▶ _ABOUT THIS TASK_: What are the lines below, starting at the line containing "Sergio Rossi - Schuhe" and ending at the line containing "(5/23) その他設備 (5/23) その他設備"? Write them out exactly, ends included, without pictures.

▶ _INPUT DATA_:

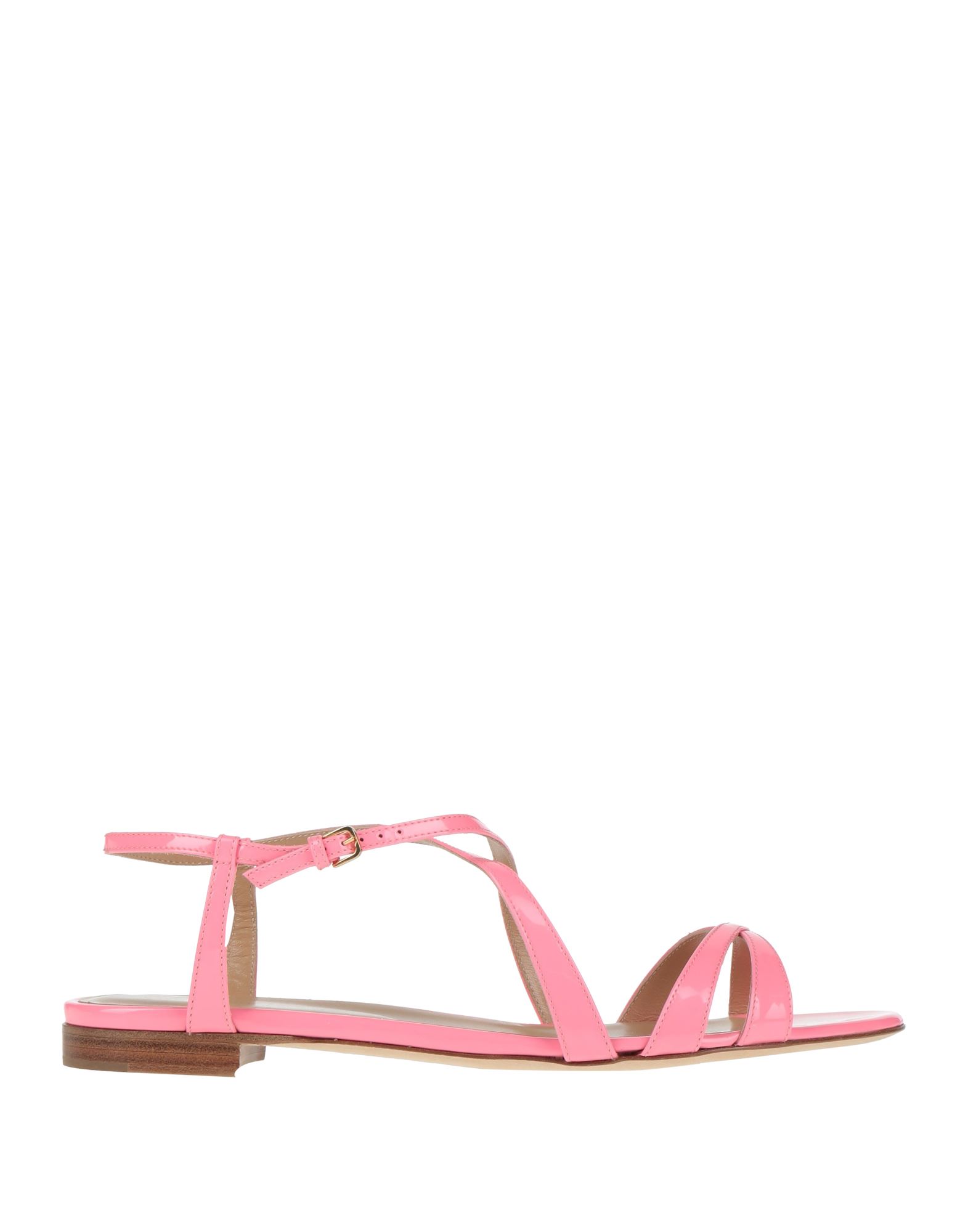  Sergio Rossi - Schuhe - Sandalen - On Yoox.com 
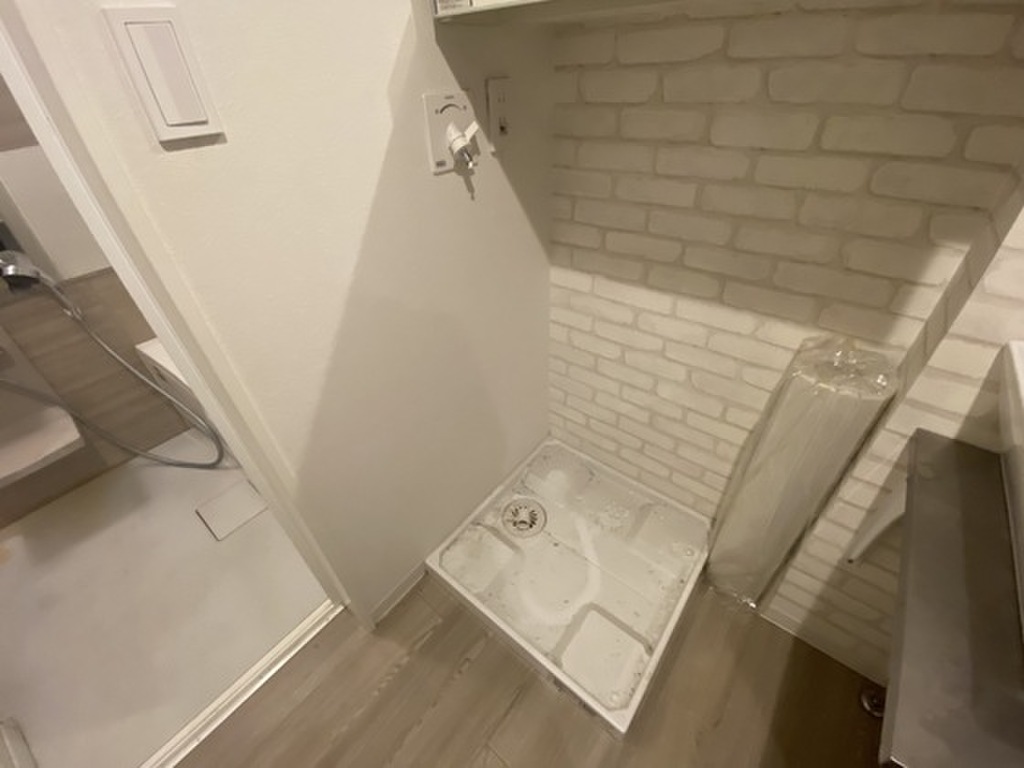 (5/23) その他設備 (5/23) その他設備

--

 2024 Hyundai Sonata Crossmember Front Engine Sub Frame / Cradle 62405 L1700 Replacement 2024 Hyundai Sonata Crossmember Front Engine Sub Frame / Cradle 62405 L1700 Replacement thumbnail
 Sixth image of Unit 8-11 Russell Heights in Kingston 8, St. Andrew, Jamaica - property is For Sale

* * *

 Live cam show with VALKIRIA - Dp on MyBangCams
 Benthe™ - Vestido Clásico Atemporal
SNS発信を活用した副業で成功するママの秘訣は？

▶ _SOLUTION BELOW_:
  Sergio Rossi - Schuhe - Sandalen - On Yoox.com 
 (5/23) その他設備 (5/23) その他設備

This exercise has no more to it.